March 9, WGN America
Executive-produced by Academy Award-winning musician John Legend, Underground is a high-intensity, emotional ride on the Underground Railroad. Set in 1857, Underground follows a group of slaves and their attempt to escape 600 miles from a Georgia plantation to freedom. Jurnee Smollett-Bell (Parenthood, Friday Night Lights) stars as Rosalee, alongside Christopher Meloni (Law & Order: SVU), Aldis Hodge (Leverage), and Adina Porter (True Blood).
And Then There Were None
March 13 and March 14, Lifetime
This mini-series, adapted from mystery queen Agatha Christie’s best-selling novel, earned rave reviews when it debuted across the pond last year in three installments. Now it comes stateside for a two-night TV movie, in which a group of eight strangers gather on a remote island. Of course, only one will leave alive. And what a group it is—Game of Thrones veterans Charles Dance and Burn Gorman star, along with Black Sails’ Toby Stephens and Sam Neill of Jurassic Park fame. And we get to watch them die one by one.
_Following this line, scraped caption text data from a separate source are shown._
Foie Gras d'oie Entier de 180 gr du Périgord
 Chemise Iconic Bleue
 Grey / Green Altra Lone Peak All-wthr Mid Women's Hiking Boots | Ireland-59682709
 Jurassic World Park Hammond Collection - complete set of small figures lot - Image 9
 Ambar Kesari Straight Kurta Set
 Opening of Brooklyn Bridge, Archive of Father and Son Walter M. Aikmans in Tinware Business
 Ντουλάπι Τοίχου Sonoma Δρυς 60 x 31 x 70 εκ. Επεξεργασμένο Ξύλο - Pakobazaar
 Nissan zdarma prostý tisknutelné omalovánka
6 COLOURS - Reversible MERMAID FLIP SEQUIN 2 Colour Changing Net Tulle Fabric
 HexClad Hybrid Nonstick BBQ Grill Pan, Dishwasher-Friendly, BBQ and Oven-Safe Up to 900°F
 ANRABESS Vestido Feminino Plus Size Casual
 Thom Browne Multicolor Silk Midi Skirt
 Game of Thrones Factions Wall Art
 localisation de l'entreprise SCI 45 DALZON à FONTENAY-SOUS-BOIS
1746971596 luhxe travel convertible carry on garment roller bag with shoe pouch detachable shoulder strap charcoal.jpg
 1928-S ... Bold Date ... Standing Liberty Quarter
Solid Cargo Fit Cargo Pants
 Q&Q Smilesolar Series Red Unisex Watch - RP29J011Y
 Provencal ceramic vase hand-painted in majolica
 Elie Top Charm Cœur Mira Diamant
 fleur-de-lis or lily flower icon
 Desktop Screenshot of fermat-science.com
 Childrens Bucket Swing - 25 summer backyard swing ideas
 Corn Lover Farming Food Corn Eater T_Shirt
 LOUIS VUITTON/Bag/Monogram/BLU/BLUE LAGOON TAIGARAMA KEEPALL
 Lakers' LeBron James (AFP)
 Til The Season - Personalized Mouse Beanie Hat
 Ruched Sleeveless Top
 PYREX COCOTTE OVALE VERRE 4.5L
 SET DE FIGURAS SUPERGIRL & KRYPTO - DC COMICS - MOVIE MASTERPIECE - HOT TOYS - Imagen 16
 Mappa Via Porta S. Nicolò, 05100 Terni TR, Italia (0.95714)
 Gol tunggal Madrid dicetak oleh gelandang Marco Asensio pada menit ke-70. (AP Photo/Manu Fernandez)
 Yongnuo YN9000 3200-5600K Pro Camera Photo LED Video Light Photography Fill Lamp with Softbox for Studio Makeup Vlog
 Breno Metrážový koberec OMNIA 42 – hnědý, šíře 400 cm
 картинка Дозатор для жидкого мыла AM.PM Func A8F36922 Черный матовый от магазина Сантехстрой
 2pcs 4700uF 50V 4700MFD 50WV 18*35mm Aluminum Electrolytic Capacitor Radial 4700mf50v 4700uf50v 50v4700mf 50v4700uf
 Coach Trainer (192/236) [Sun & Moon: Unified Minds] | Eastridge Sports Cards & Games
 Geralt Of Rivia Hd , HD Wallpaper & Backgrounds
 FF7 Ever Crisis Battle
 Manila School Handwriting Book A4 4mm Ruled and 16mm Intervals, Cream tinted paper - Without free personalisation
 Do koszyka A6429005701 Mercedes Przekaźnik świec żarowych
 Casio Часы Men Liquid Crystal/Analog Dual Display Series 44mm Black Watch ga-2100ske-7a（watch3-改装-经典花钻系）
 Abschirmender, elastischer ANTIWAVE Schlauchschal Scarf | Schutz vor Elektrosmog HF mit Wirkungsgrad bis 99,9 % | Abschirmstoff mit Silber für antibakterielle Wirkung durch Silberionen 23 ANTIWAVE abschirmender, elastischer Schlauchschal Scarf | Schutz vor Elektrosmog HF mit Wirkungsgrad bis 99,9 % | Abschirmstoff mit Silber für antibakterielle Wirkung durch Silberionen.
Fun!
March 11, Netflix
Will Arnett’s first Netflix outing, BoJack Horseman, was a surprisingly deep and occasionally depressing “real-talk” comedy, considering that the cast consisted solely of colorful talking animals. It also just happened to be one of the best shows of 2015. Flaked, co-created by Mr. Arnett and Arrested Development creator Mitch Hurwitz, continues down that same “laugh to cover the sadness” path. Mr. Arnett stars as Chip, a recovering alcoholic prone to self-sabotage—whether that means falling in love with the object of his best friend’s desire or making the decision to live in a place like Venice Beach.
March 3, ABC
Jenna Bans is a graduate of the “School of Addicting Television,” a.k.a. under the tutelage of Shonda Rhimes. A former co-executive producer and writer on Grey’s Anatomy and Scandal, Ms. Bans tries her first hand at showrunning with The Family, ABC’s latest addition to Thursday nights. A politician’s son returns home decades after he was presumed dead. The more the family attempts to integrate the son they thought lost, the question becomes not where he has been, but if he’s even who he says he is. Three-time Oscar nominee Joan Allen stars.
Hap and Leonard
March 2, Sundance TV
Sundance TV has gathered a hell of a trio for this comedy noir set in the swamps of 1980s Louisiana. Ex-convict Hap (The Following‘s James Purefoy) and his gay Vietnam veteran best friend Leonard (The Wire‘s Michael Kenneth Williams) are pulled into a treasure hunt by Hap’s ex-wife Trudy, played by Mad Men’s Christina Hendricks. Full disclosure, I’d recommend almost anything that gets these three back onto television, but luckily the endlessly charming Hap and Leonard makes a case for itself.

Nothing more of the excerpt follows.